天井が高いなー、なんて考えながらぼんやり待っていると、向こうのエレベーターから降りてくる父の姿が見えた。
「はい、お弁当。もう忘れないでよ」
父に、母お手製のお弁当が入った袋を手渡す。これでわたしの仕事は終わり。
「おう、悪かったなぁ。……というかお前、今日学校は?」
「休んだよ。お父さんにお弁当届けたくって」
もちろん、嘘だ。
今朝は、どうしてもだめだった。
学校に行こうとすると、胃がぎりぎりと痛んで吐き気がした。
原因はよくわかっている。だけど、家族には絶対相談したくない。
父は一瞬何か言おうとしたように見えた。
けれども、その言葉は飲み込んだのか、いきなりわたしの髪をくしゃっと撫でた。
「そうか。お前が届けてくれるなら、またお弁当忘れようかな」
「……やめてよ、めんどくさい」
その手は鬱陶しくて、とてもあたたかかった。
『あなたに届けたい』
(今回はお題と関係ありません)
あんなに暖かい物語を描く人が。
誰かの心をそっと照らす人が。
曲がった背筋をしゃんと伸ばしてくれる人が。
どうして、そんな痛ましい最期を迎えなくてはいけなかったのですか。
◇
人は、いつ誰が死んでしまうかも、いつ誰が死にたくなるかも、わからないものだと思います。

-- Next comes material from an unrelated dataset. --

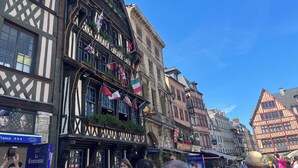 Eine historische europäische Straße mit traditionellen Fachwerkhäusern, Flaggen und einer belebten Menschenmenge.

「あのひとがどれだけの苦しみを抱えているか」なんてことは、想像することはできても、すべてを理解することなんてできないでしょう。
だからわたしは、人の「死にたい」という気持ち自体を、どうしても否定できないのです。
だけど、それでも、どうかせめて今日をやり過ごしてほしいと思います。
「明日はいい日になる」なんて言いません。きっと明日も曇り空です。残酷で無責任なことを言っているのは重々承知しています。
でも、死にたい気持ちはずっと消えないとしても、蜘蛛の糸みたいに細いよすがが見つかるかもしれない。明日は今日より、ちょっとだけ体調がいいかもしれない。
どうか、ひとりでも多く今日一日を生き延びてほしいと思います。
今日考えたことでした。
うまくまとめられなかったので、またいつか似たようなことを書くかもしれません。